About this exercise =
Transcribe the lines below exactly. No image belongs in the transcription.

Short text fragments from websites:
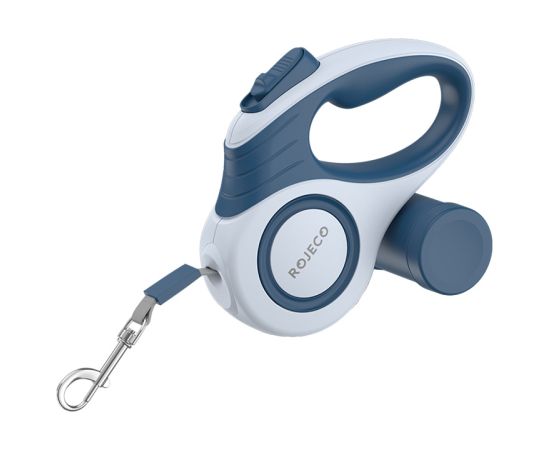 Rojeco A12 3M Automatic Retractable Dog Leash (blue) Citas preces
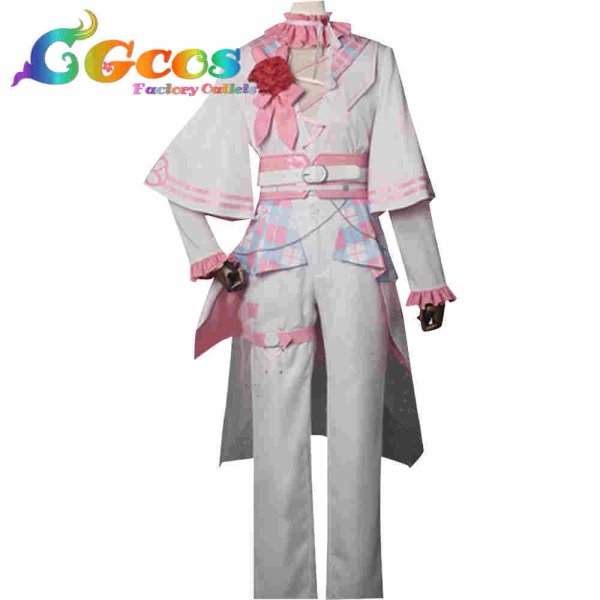 画像7: あんさんぶるスターズ! サンリオコラボ 礼瀬マヨイ 椎名ニキ 桜河こはく 天城一彩 コスプレ衣装 (7)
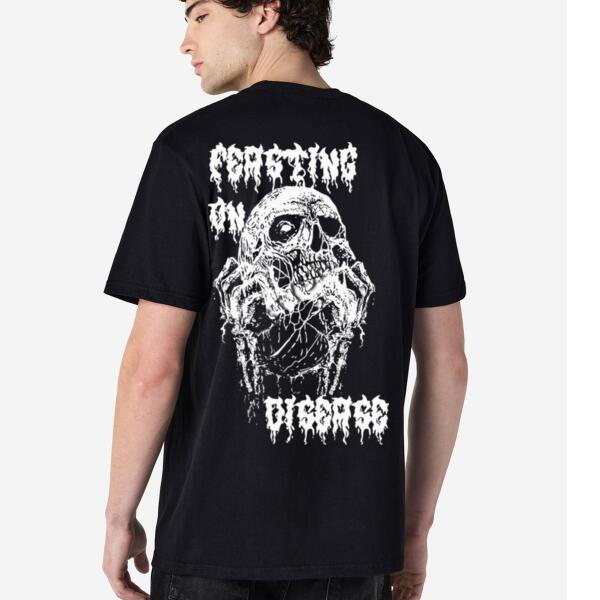 Feasting on Disease - Hammer Heavyweight Tee Thumbnail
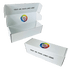 Custom Full Colour Printed White PiP Small Parcel Postal Box - 340mm x 110mm x 110mm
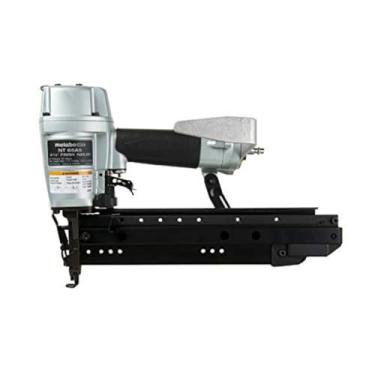Imagem de Metabo HPT Prego de acabamento profissional, 40 mm, pneumático, aceita pregos de acabamento reto de 3,8 cm a 6,3 cm, alumínio e aço de alta qualidade, (NT65A5)
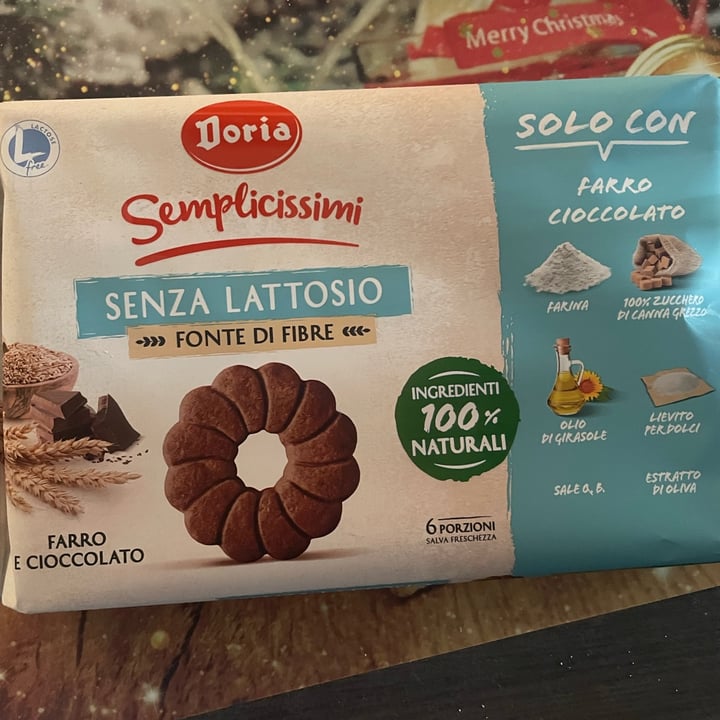 photo of Doria Semplicissimi Farro e Cioccolato shared by @ammi on  22 Mar 2023 - review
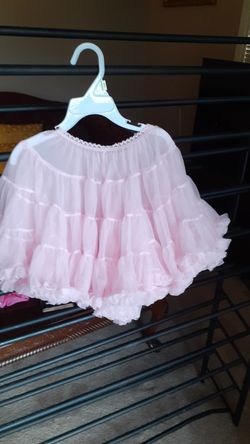 Pink tutu and winter boots for 4 years old girl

Output of the exercise =
 Rojeco A12 3M Automatic Retractable Dog Leash (blue) Citas preces
 画像7: あんさんぶるスターズ! サンリオコラボ 礼瀬マヨイ 椎名ニキ 桜河こはく 天城一彩 コスプレ衣装 (7)
 Feasting on Disease - Hammer Heavyweight Tee Thumbnail
 Custom Full Colour Printed White PiP Small Parcel Postal Box - 340mm x 110mm x 110mm
Imagem de Metabo HPT Prego de acabamento profissional, 40 mm, pneumático, aceita pregos de acabamento reto de 3,8 cm a 6,3 cm, alumínio e aço de alta qualidade, (NT65A5)
 photo of Doria Semplicissimi Farro e Cioccolato shared by @ammi on  22 Mar 2023 - review
 Pink tutu and winter boots for 4 years old girl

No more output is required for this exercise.